### Exercise aim
Carry over every entry exactly as written, though not the pictures it contains.

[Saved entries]
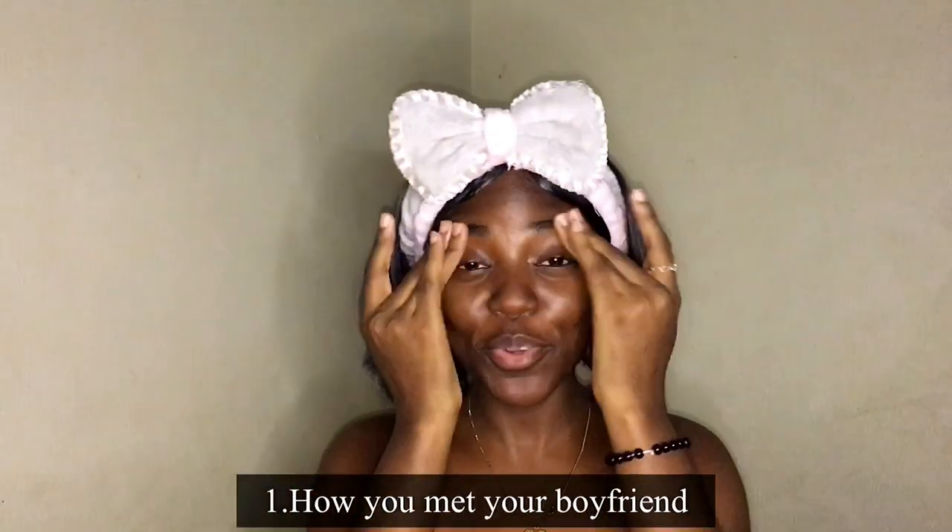I'm going to let this dry but let me start with the questions. I knew this question was going to come — the first question is how did you meet your boyfriend? I met him in school, in Kenya. I went to my cousin's place and this guy was my cousin's roommate. We were just friends for a while, then about three months later everything started. So I met him through my cousin.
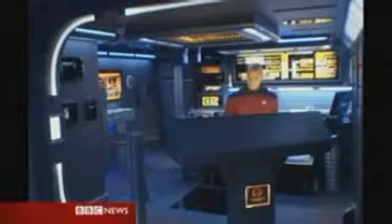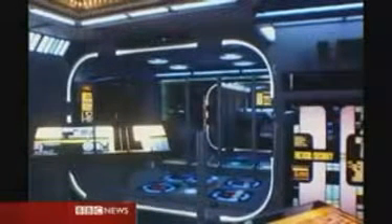Trekkies are known for their dedication, but this is something else. Once a normal studio flat in Leicestershire, this home has been completely transformed into the Starship Enterprise no less. Meet the captain, Tony Allen.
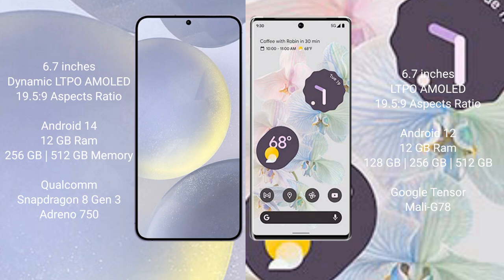Samsung Galaxy S24 Plus runs on the Android 14 operating system. Google Pixel 6 Pro runs on the Android 12 operating system.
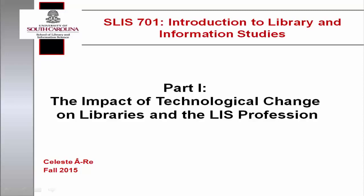Welcome to the first of four parts on the impact of technological change on libraries and the LIS profession for SLIS 701, Introduction to Library and Information Studies. This lecture will highlight technological innovations that have impacted libraries, information centers, and continue to shape librarianship.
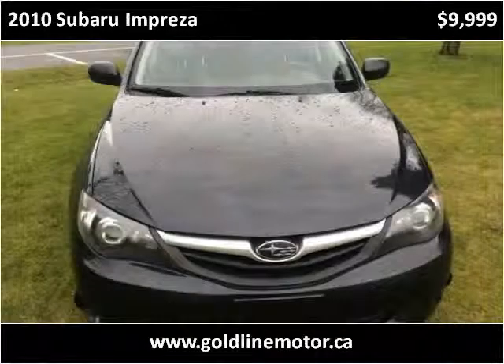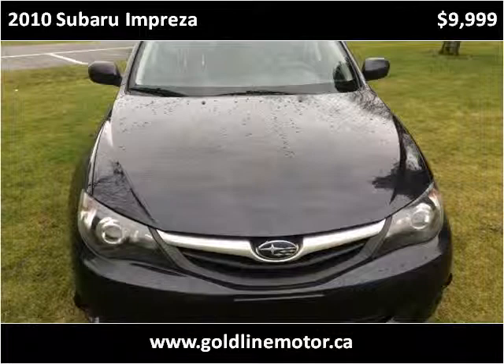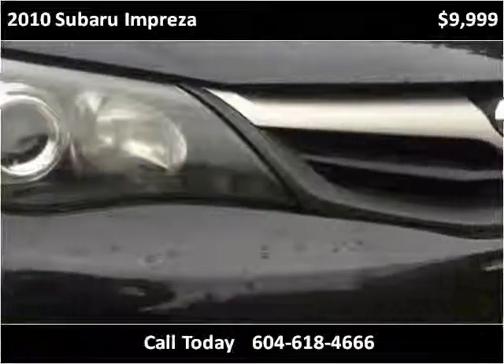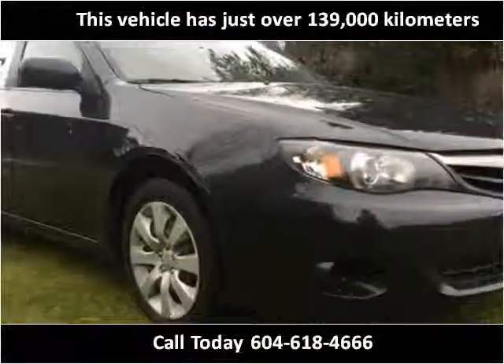This 2010 Subaru Impreza is available from Goldline Motor. This vehicle has just over 139,000 km.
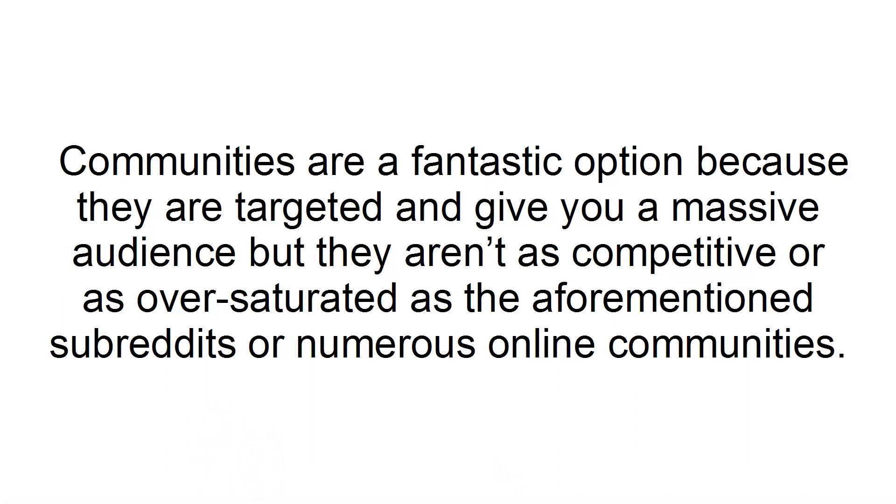Communities are a fantastic option because they are targeted and give you a massive audience, but they aren't as competitive or as oversaturated as the aforementioned subreddits or numerous other online communities.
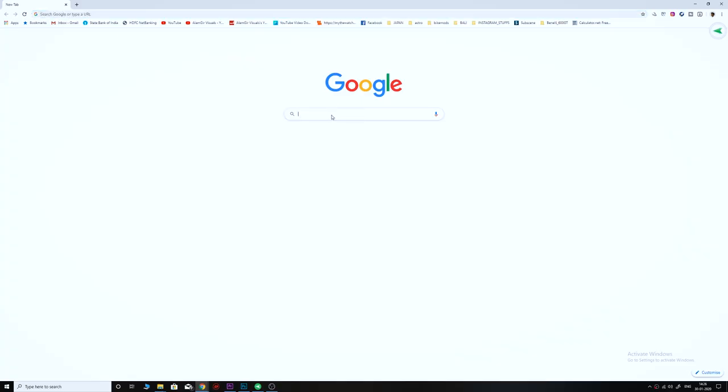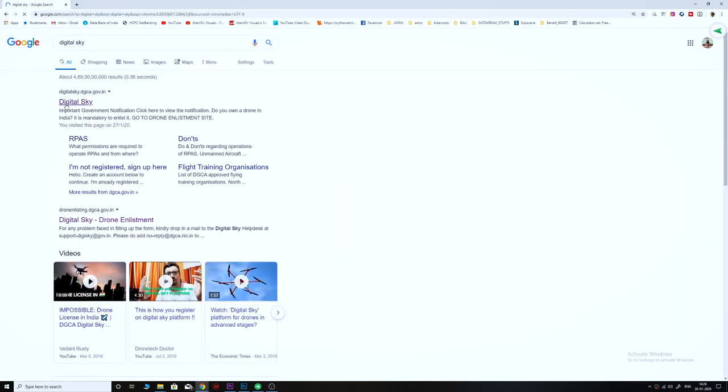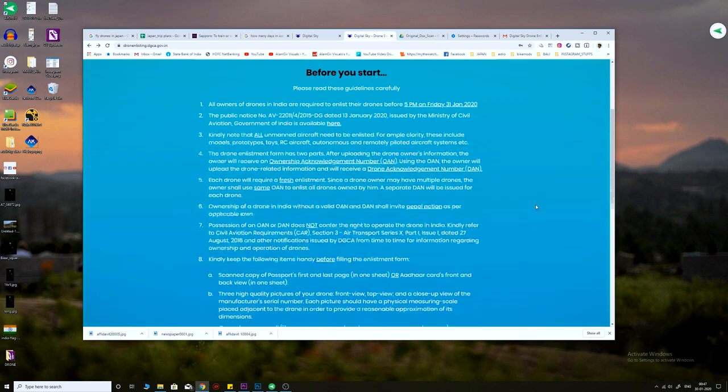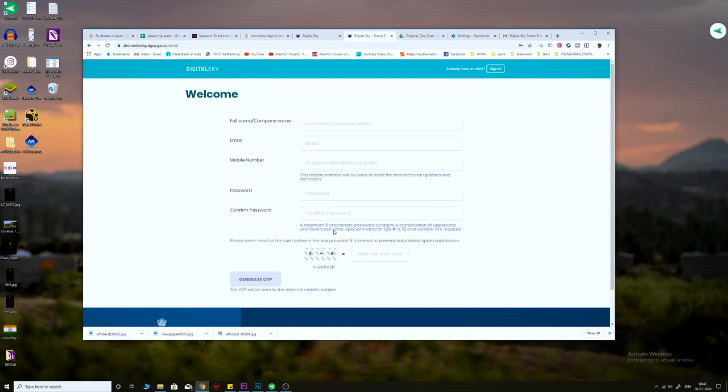To register the drone, just go to Google and type Digital Sky and click on the first link — digitalsky.dgca.gov.in — and click on the drone enlistment site. When you click on that site you will see a page showing the current time remaining to register your drone, along with all the rules and regulations and guidelines. Go right to the bottom of the page and click on Enlist by Drone, and it will ask you to fill in the details to obtain your OAN, the Ownership Acknowledgement Number.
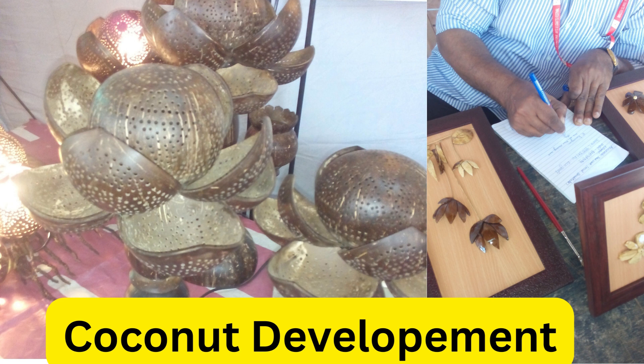Craft Development Institute, CDI, Srinagar: CDI offers skill development programs and workshops in various crafts, providing training and support to artisans. Coconut Development Board: This government body offers training programs and workshops specifically focused on coconut-based crafts, including shell craft.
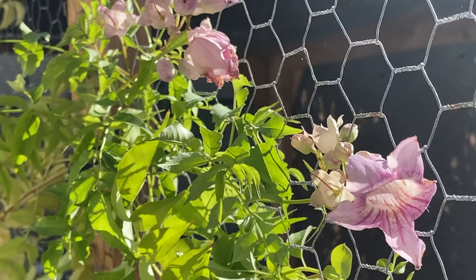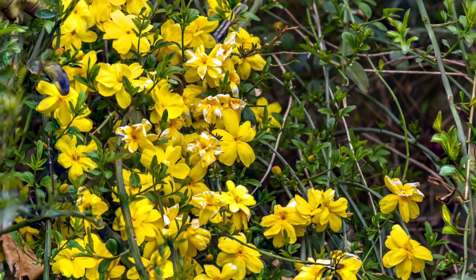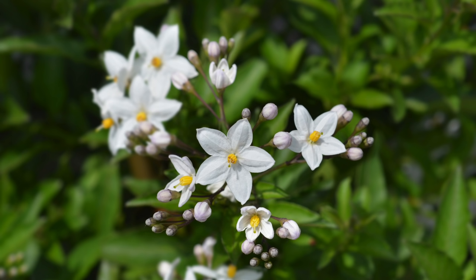Although we talked about 10 of my favorite vines, we didn't even cover all of the vines that grow well here in the low desert. Here are a few more of my favorites: grapes, pink trumpet vine, grape ivy, primrose jasmine, cat claw vine, yellow orchid vine, and potato vine.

### Solution for this task
I'm going to let this dry but let me start with the questions. I knew this question was going to come — the first question is how did you meet your boyfriend? I met him in school, in Kenya. I went to my cousin's place and this guy was my cousin's roommate. We were just friends for a while, then about three months later everything started. So I met him through my cousin.
Trekkies are known for their dedication, but this is something else. Once a normal studio flat in Leicestershire, this home has been completely transformed into the Starship Enterprise no less. Meet the captain, Tony Allen.
Samsung Galaxy S24 Plus runs on the Android 14 operating system. Google Pixel 6 Pro runs on the Android 12 operating system.
Welcome to the first of four parts on the impact of technological change on libraries and the LIS profession for SLIS 701, Introduction to Library and Information Studies. This lecture will highlight technological innovations that have impacted libraries, information centers, and continue to shape librarianship.
This 2010 Subaru Impreza is available from Goldline Motor. This vehicle has just over 139,000 km.
Communities are a fantastic option because they are targeted and give you a massive audience, but they aren't as competitive or as oversaturated as the aforementioned subreddits or numerous other online communities.
To register the drone, just go to Google and type Digital Sky and click on the first link — digitalsky.dgca.gov.in — and click on the drone enlistment site. When you click on that site you will see a page showing the current time remaining to register your drone, along with all the rules and regulations and guidelines. Go right to the bottom of the page and click on Enlist by Drone, and it will ask you to fill in the details to obtain your OAN, the Ownership Acknowledgement Number.
Craft Development Institute, CDI, Srinagar: CDI offers skill development programs and workshops in various crafts, providing training and support to artisans. Coconut Development Board: This government body offers training programs and workshops specifically focused on coconut-based crafts, including shell craft.
Although we talked about 10 of my favorite vines, we didn't even cover all of the vines that grow well here in the low desert. Here are a few more of my favorites: grapes, pink trumpet vine, grape ivy, primrose jasmine, cat claw vine, yellow orchid vine, and potato vine.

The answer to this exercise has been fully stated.